Все обнаруженные снаряды молоденькие минерши складировали в пустом доме. Часто находили и оружие: автоматы, пистолеты, винтовки, из которых в свободное время стреляли по бутылкам. Но через месяц поступило новое задание – разминирование Рогавки, до которой опять же предстояло добираться пешком. В путь отправились девять девчонок, трое молодых солдат и подрывник-наставник. Главной задачей был мост через Кересть, где обезвреживали магнитные мины. Вся местность была буквально нашпигована снарядами, только вокруг деревни Гузи, где юные минерши жили в бараках, было три огромных минных поля, так что и здесь пришлось задержаться на месяц. Больше всего было противотанковых мин, но самыми страшными были те, что с тремя взрывателями. Любое неосторожное движение – и можно было взлететь на воздух. Но и здесь Господь Бог сберег героиню моего рассказа и в конце лета 1944-го она вернулась в Сергово к мирной жизни. Наконец-то получила на руки комсомольский билет и заступила на должность секретаря Серговского сельсовета. Смышленая девушка быстро обучилась новым обязанностям, потихоньку в родные места возвращались люди, вместе с этим прибавлялось и работы:
– Сейчас нынешнему поколению и не представить, как мы тогда пешком проходили за день десятки километров, и в дождь, и в снег, по бездорожью. Люди нуждались в помощи, хотелось быстрее восстановить разрушенные фашистами дома, хозяйства, так что о себе и не думали, не жаловались на трудности. Я твердо знала, что никуда не уеду со своей малой родины, поэтому так и отработала долгие годы в сельсовете, а потом в госстрахе.

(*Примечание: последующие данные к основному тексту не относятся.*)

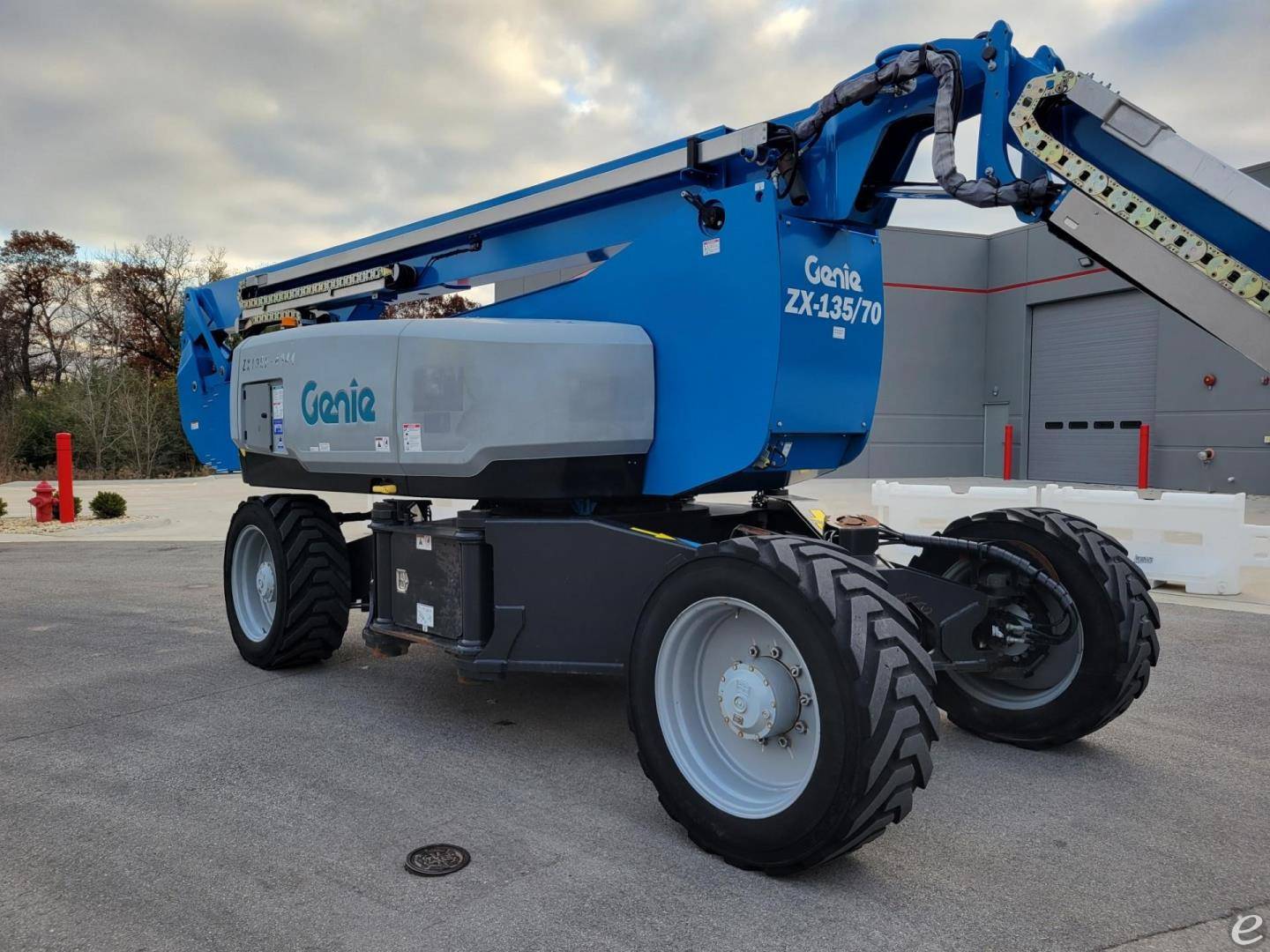 2019 Genie ZX135/70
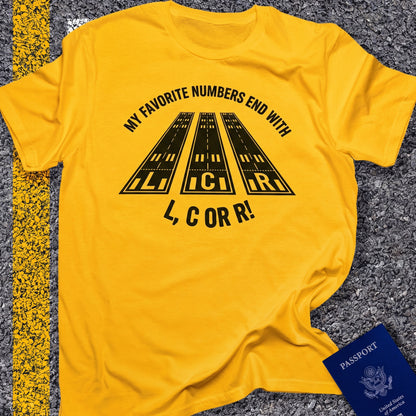 My favorite number ends with l, c or r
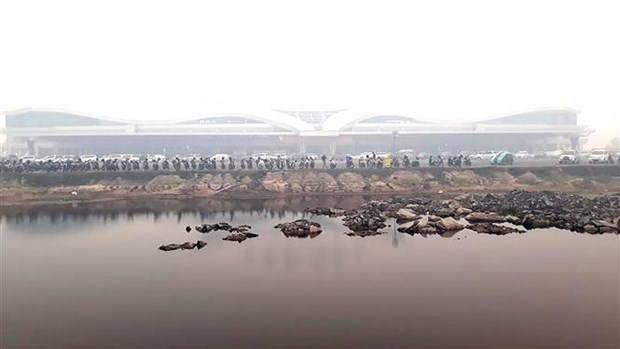 Một góc đảo Kalimantan, nơi được chọn để xây dựng thủ đô mới của Indonesia. (Ảnh: AFP/TTXVN)
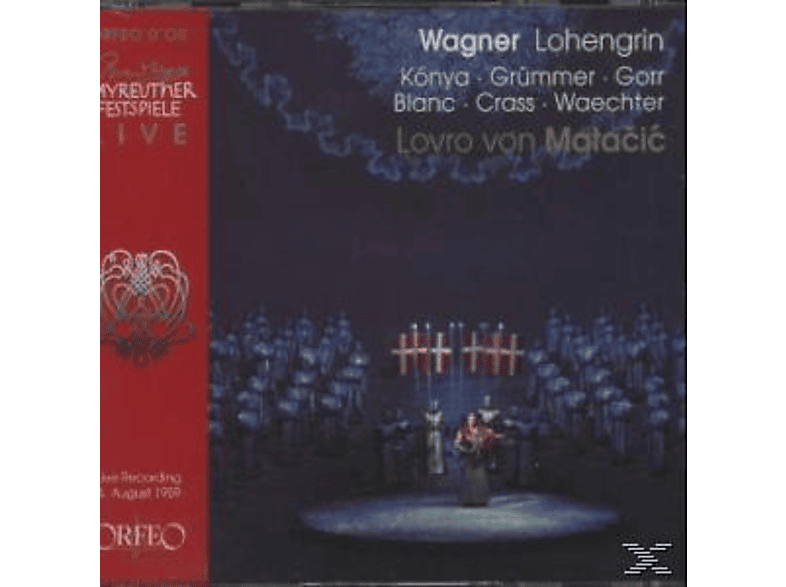 Elisabeth Grümmer, Ernest Blanc, Chor Und Orchester Der Bayreuther Festspiele, Rita Gorr, Sandor Konya, Franz Crass, Eberhard Waechter - Lohengrin (GA) (CD) von ORFEO D OR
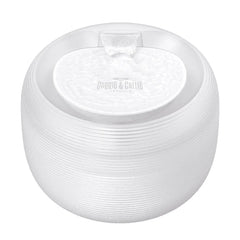 Cattie Kedi Köpek Su Pınarı Klasik Model 2,5 L Beyaz - FOUNTAINWHITE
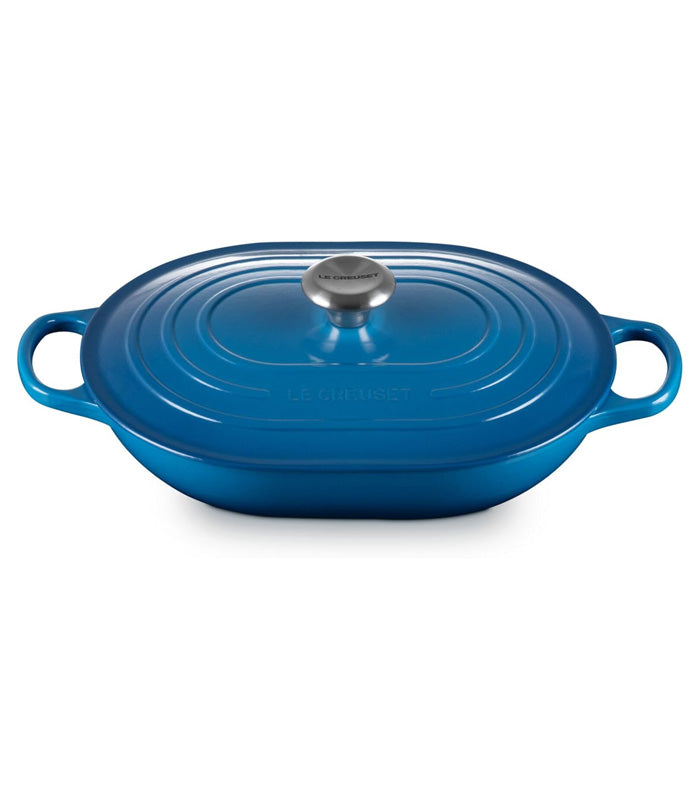 Le Creuset 3.75 qt Signature Oval Casserole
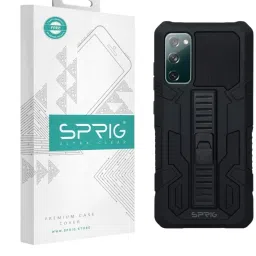 Sprig Back Cover for SAMSUNG GALAXY S20 FE 5G (Black) image 1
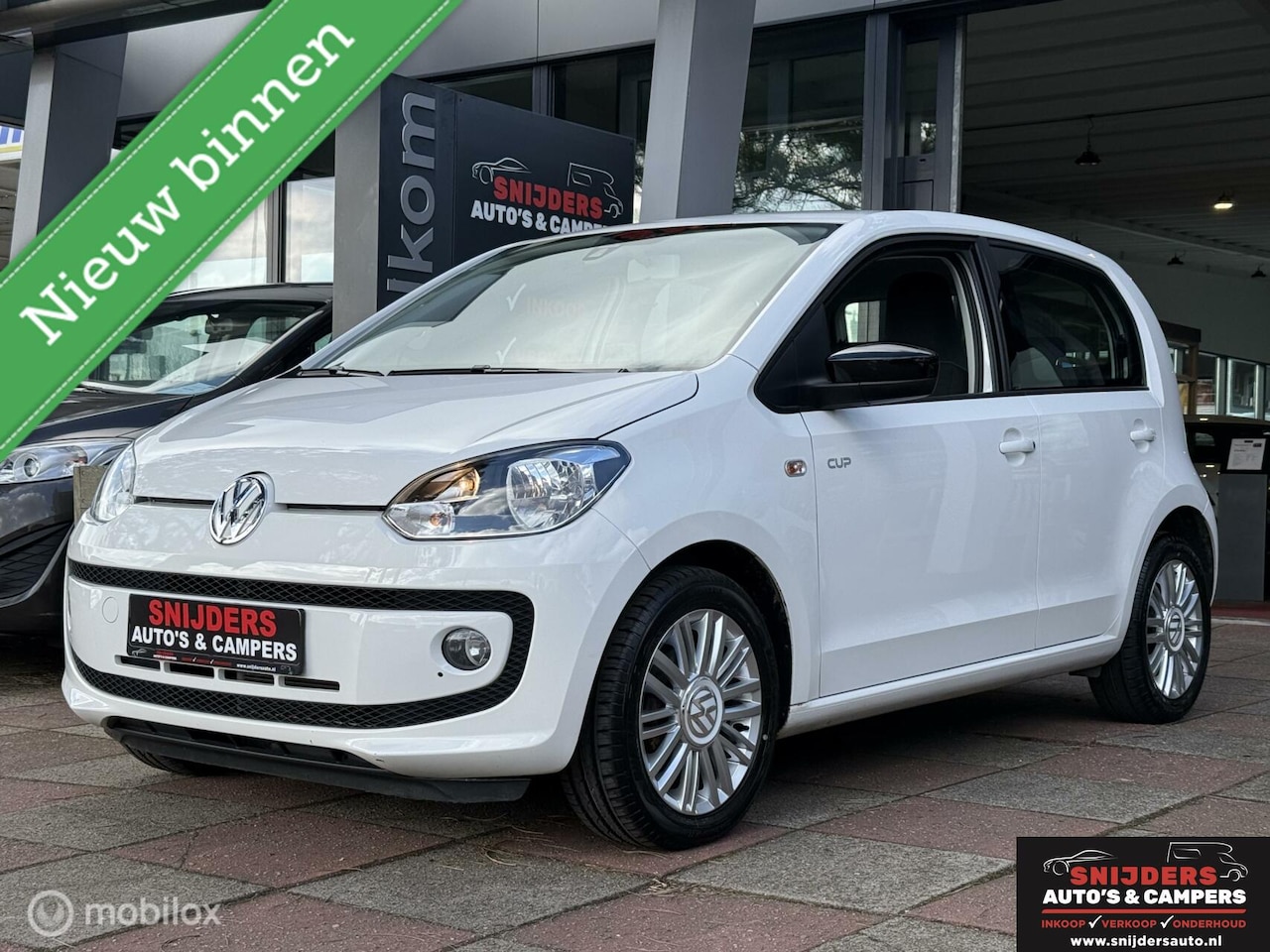 Volkswagen Up! - 1.0 up! Cup Navi PDC Cruise - AutoWereld.nl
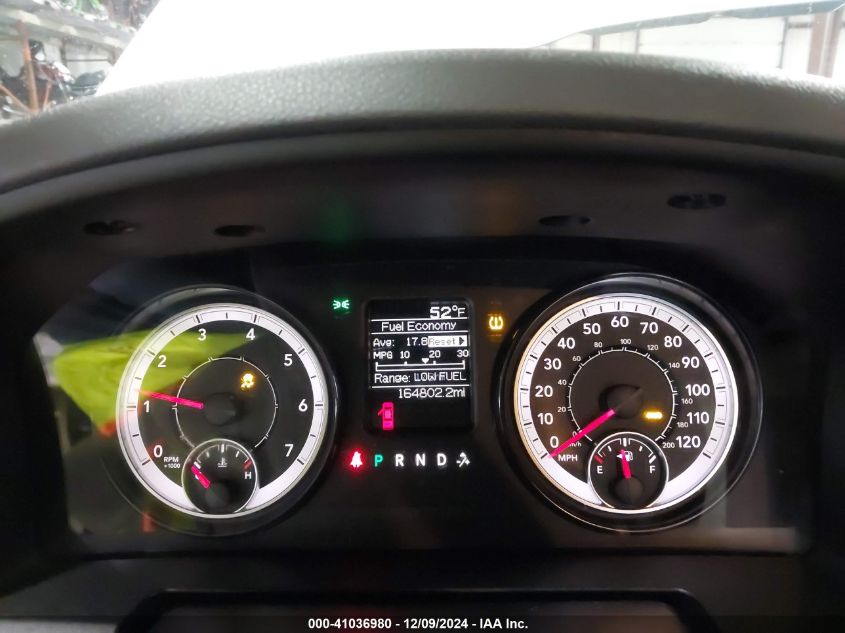 2017 Ram 1500 Tradesman Quad Cab 4X4 6'4 Box VIN: 1C6RR7FT9HS724817 Lot: 41036980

О периоде работы минершей в трудовой книжке Прасковьи Григорьевны напоминает запись с указанием даты и припиской «Записано со слов». Справку же, выданную позднее в ОСАВИАХИМе, в сельсовете благополучно потеряли, запись в трудовой не исправили, так что участником войны, к которым приравняли минеров, Прасковья Григорьевна официально так и не стала. Как она призналась сама, сначала было немного обидно, а потом и это прошло, ведь несмотря на отсутствие корочек, память до сих пор бережно хранит каждый день и каждый час пережитой войны. И в любой праздник, будь то День победы, День освобождения Новгорода или День родной деревни Сергово, приходит ощущение того, что во всем этом есть и ее заслуга.